The blog I posted on Sept. 25 has generated LOTS of comments, feedback, etc. This is great, since I wanted to enlighten people. That blog can be read by scrolling down a bit, or clicking Warning: A very serious blog
Many of the comments here and on Facebook expressed well-meaning, sincere concern of how I was feeling through all of this. First, thanks SO much for that! It is lovely to know people care about me, and my writing, enough to immediately turn their hearts my direction. My friends and fans ROCK! However, I want to assure that nothing about this has shaken my belief in who I am and what I write. The biggest distress for me was that I was really excited about the teaching opportunity. I vividly envisioned a cluster of young ladies chatting writing, Regency fashion and history, Jane Austen, romance, and the rest, in a cross between a book club and interactive teaching session. I looked ahead at the Mondays up through the end of the year as my “fun” time. Having that fall apart was a blow, I’ll admit. The worst, however, was the sadness of what I learned about these precious, innocent girls (and the many others out there caught in the same situation). They were the purpose of the blog I wrote.
Three, or even two years ago, this might have hurt me more or caused me to question my stories. Now I not only have a thicker skin – after all, bad reviews sting FAR more than this – but I also have hundreds of emails collected over the years conveying honest feedback on how my novels have been received by those who read them. All writers have fan letters, and we cling to them in our dark hours, reading over and over if necessary. You who feel led to reach out and connect with your favorite authors have no idea how profoundly you inspire us! I could go off on a tangent, becoming either nauseatingly sentimental or boringly philosophical. I won’t do that, I promise! Instead I am going to share, from time to time, snippets of the emails I have received and general information on the positive aspects of romance novels.
I love how you make Darcy & Elizabeth very loving, but in all senses of the word. They respect each other, take delight in each other’s intelligence and wit, and continuously strive to learn more about each other. Wonderful!! It’s also so charming to watch them build their family around them, not just the baby, but in getting to know uncles, aunts, sisters, friends, etc. and building a loving and trusting support group.

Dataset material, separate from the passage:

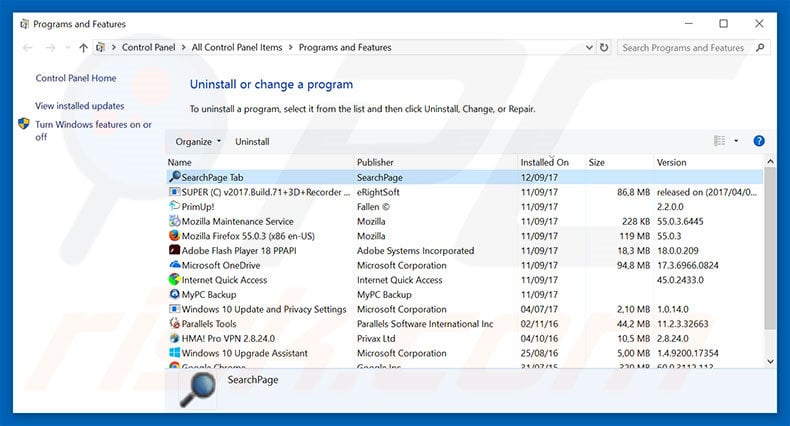 searchpage.com browser hijacker uninstall via Control Panel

I am so excited for you and am glad to know that Christian women do know true romance in the right perspective! MARRIAGE!

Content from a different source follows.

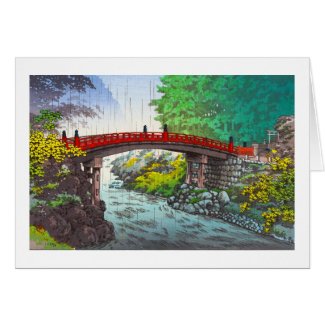Tsuchiya Koitsu Nikko Sacred Bridge japanese scene Greeting Card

“Much of the coverage of romance novels focuses on the idea that they’re all about sex. They’re not. They’re about courtship! If you ask a couple, “How did you meet?” no two stories are the same. It’s the same with romance novels… Romance readers do not expect real men to be carbon copies of romance heroes — we don’t expect anyone to ride in on a horse wielding a sword and solving all our problems. Romance heroes are found in real moments of caring… Romances communicate that women should be the heroines of their own lives and that happy endings take work — there is no easy way to happiness. It doesn’t just show up. Romances teach that you are lovable and worthy of a happiness exactly the way you are and shouldn’t have to change drastically to please someone else.” Sarah Wendell, Everything I know About Love, I Learned From a Romance Novel
I am a pretty strong Christian believer and I just love that you made Darcy pure before marriage!! I so value waiting until marriage.
Four years ago I lost my beloved husband of 36 wonderful happy years. I was 19 when we married and I was never happier than when we were in the same room, space, bed, car, tub… you get the idea. Each page of your novels made me stop and remember my husband. It made me both happy and sad. But I also smiled as I said to myself, “This is how it was for me and I got to feel all those emotions again. THANK YOU! You see some people just don’t understand true deep love. You do, in your own life and in your writing and you are sharing and giving.